Our protocol demonstrates how open source software can allow any researcher to create and curate a computational structure library. This protocols appeal comes from its openness and flexibility. Anyone can use it and modify it to suit their specific research question.
Versions of this protocol can be applied to drug discovery applications, quickly creating specific structure libraries for in silico screening. Although the protocol is explained step by step, if users are not familiar with Java or basic coding they can first look at those before implementing the protocol. Begin by creating a new directory for the project.
Place all the files and executables in this directory for easy access. Download the latest version of Maygen as a jar file and the package management software Anaconda.
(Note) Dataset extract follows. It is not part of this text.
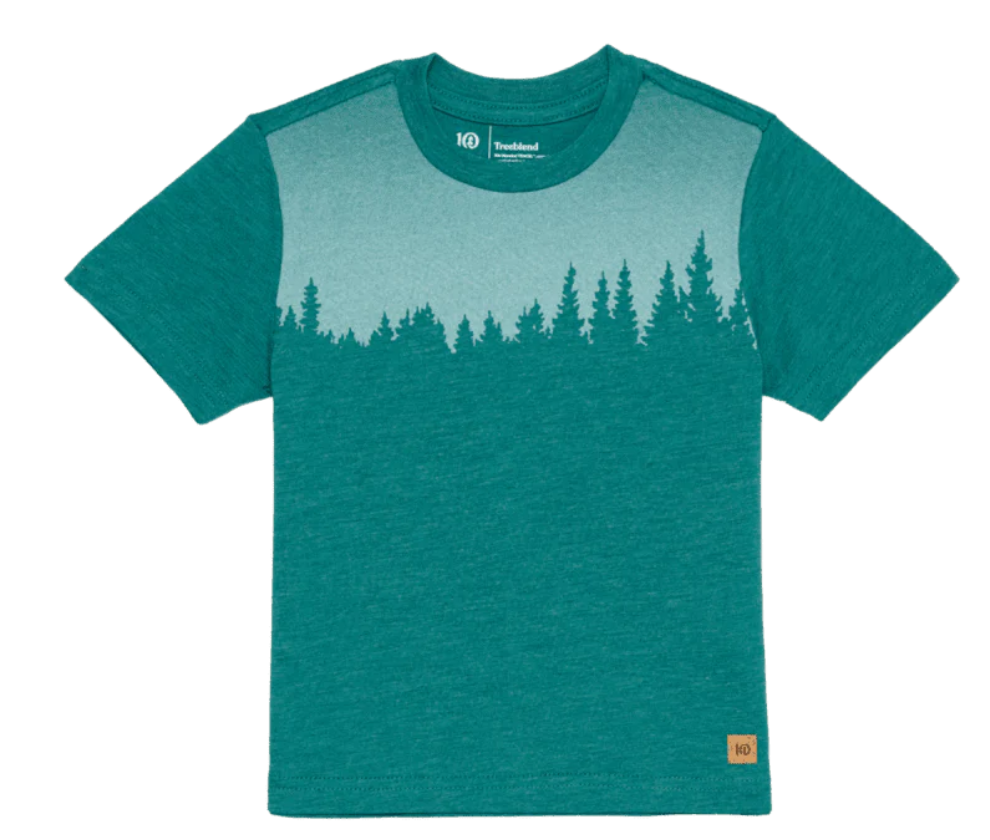 Tentree Kids Juniper T shirt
On windows systems search for Anaconda prompt and click on the resulting shortcut to run.
To create an RDKit environment in Anaconda and to download the RDKit to the environment, type the command shown on the screen, press enter to run and answer yes to any questions that come up during the installation. Then download the Jupyter Notebooks and text files of the substrate patterns from the supplemental files, one to five. In the command prompt, navigate to the directory containing the maygen.
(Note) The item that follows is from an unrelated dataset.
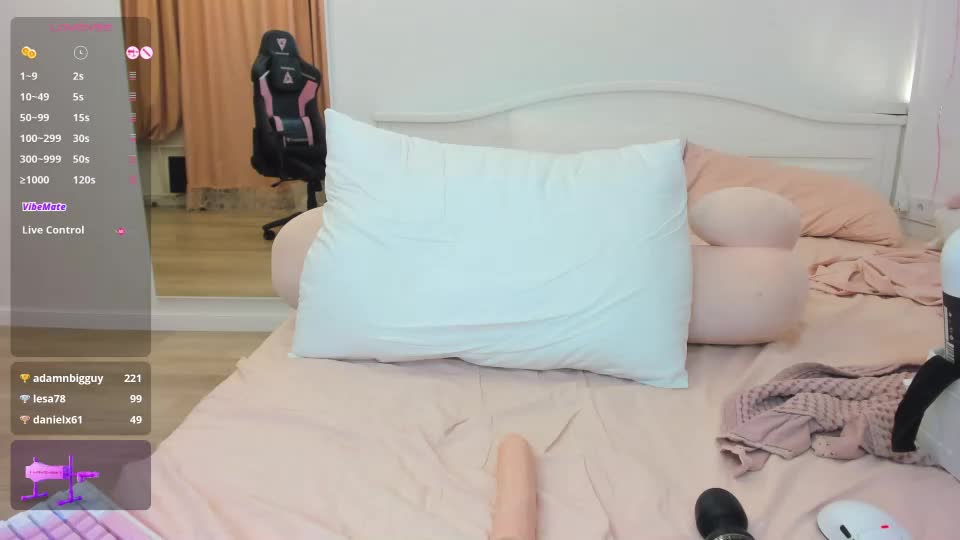iamcassidy Приват Записи 2026-07-23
jar executable file. For each chemical formula of interest use the command shown on the screen to run Maygen. If the formula is a fuzzy formula instead of a discrete formula, replace the hyphen F flag with a hyphen fuzzy flag and enclose any element intervals in brackets.
In an Anaconda prompt navigate to the folder containing the Jupyter Notebooks and activate the RDKit environment. The downloaded notebooks require RDKit. So any future use of them in this protocol will require them to be opened in the RDKit environment.
Next, open the Jupyter Notebook for substructure filtering and close the file name in quotes if it contains spaces. In the designated cell at the start of the notebook enter the full file path of the input sdf file. The full file path of the desired sdf output file and the file path of the bad list file as strings.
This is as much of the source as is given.